1. to design and synthesise small molecule kinase inhibitors against Aurora B S227 phospho-species.
2. examine the in vitro and in vivo effects of the lead compound/s on Aurora B structure, activity and signalling
3. assess the efficacy of Aurora B inhibition in G2 catenation checkpoint deficient cell models.

In this multidisciplinary project, the student will acquire skills in organic synthesis, including the development of new synthetic schemes, purification and characterisation of small molecules. This will be complemented by training in molecular biology, cancer biology, drug screening and the mechanistic evaluation of candidate drugs.

Candidate background

The project would be suitable for a candidate with a background in biomedical sciences and a keen interest in drug discovery and cancer cell biology. A knowledge of biochemistry or medicinal chemistry would be an advantage but not essential.

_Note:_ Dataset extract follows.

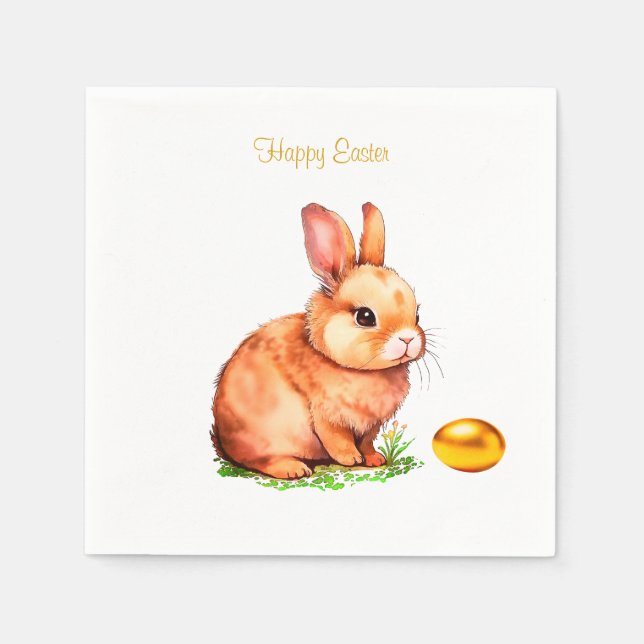 Osterhase und goldenes Ei auf Weißen Neapel Serviette (Vorderseite)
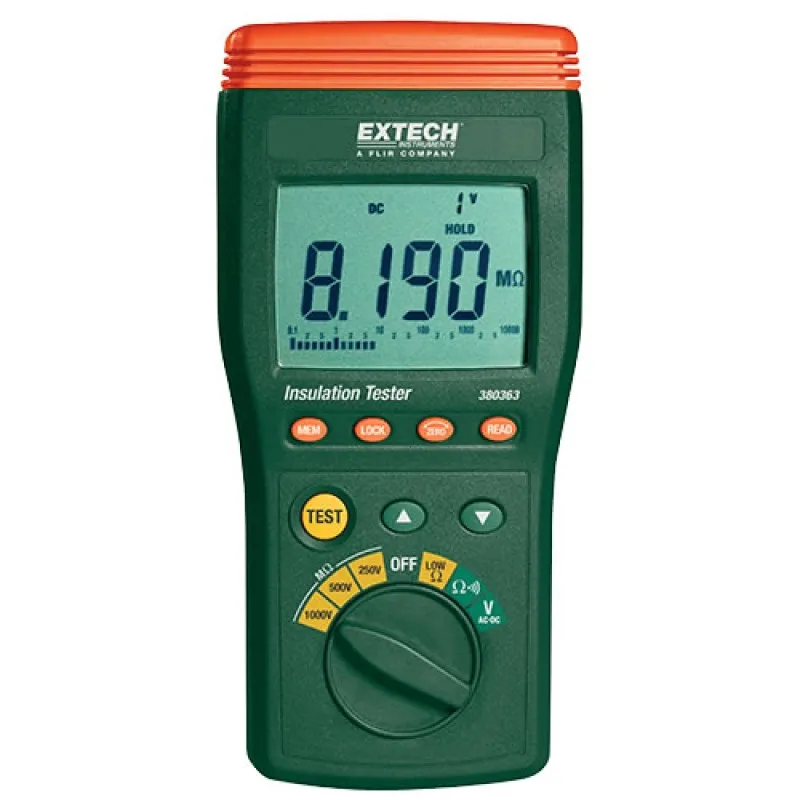 Extech 380363 Insulation Resistance Tester, 250V, 500V, 1000V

Potential Research Placements

1. Mark Pfuhl, Randall Centre, King’s College London
2. Pedro Cutillas, Mass Spectrometry Core Facility, Barts Cancer Institute, Queen Mary University of London
3. Agostino Cilibrizzi, IPS, King’s College London

References

1. Kelly, J.R., et al, 2020. The Aurora B specificity switch is required to protect from non-disjunction at the metaphase/anaphase transition. Nature Communications 11, 1396. https://doi.org/10.1038/s41467-020-15163-6
2. Deiss, K., et al., 2019. A genome-wide RNAi screen identifies the SMC5/6 complex as a non-redundant regulator of a Topo2a-dependent G2 arrest. Nucleic Acids Research 47, 2906?2921. https://doi.org/10.1093/nar/gky1295
3. Lewis, T., Corcoran, D. B., Thurston, D. E., Giles, P. J., Ashelford, K., Walsby, E. J., Fegan, C. D., Pepper, A. G., Rahman, K. M., and Pepper, C. (2021) Novel pyrrolobenzodiazepine benzofused hybrid molecules inhibit nuclear factor-?B activity and synergize with bortezomib and ibrutinib in hematologic cancers, haematologica 106, 958.
4. Corcoran, D. B., Lewis, T., Nahar, K. S., Jamshidi, S., Fegan, C., Pepper, C., Thurston, D. E., and Rahman, K. M. (2019) Effects of Systematic Shortening of Noncovalent C8 Side Chain on the Cytotoxicity and NF-kappa B Inhibitory Capacity of Pyrrolobenzodiazepines (PBDs), Journal of Medicinal Chemistry 62, 2127-2139.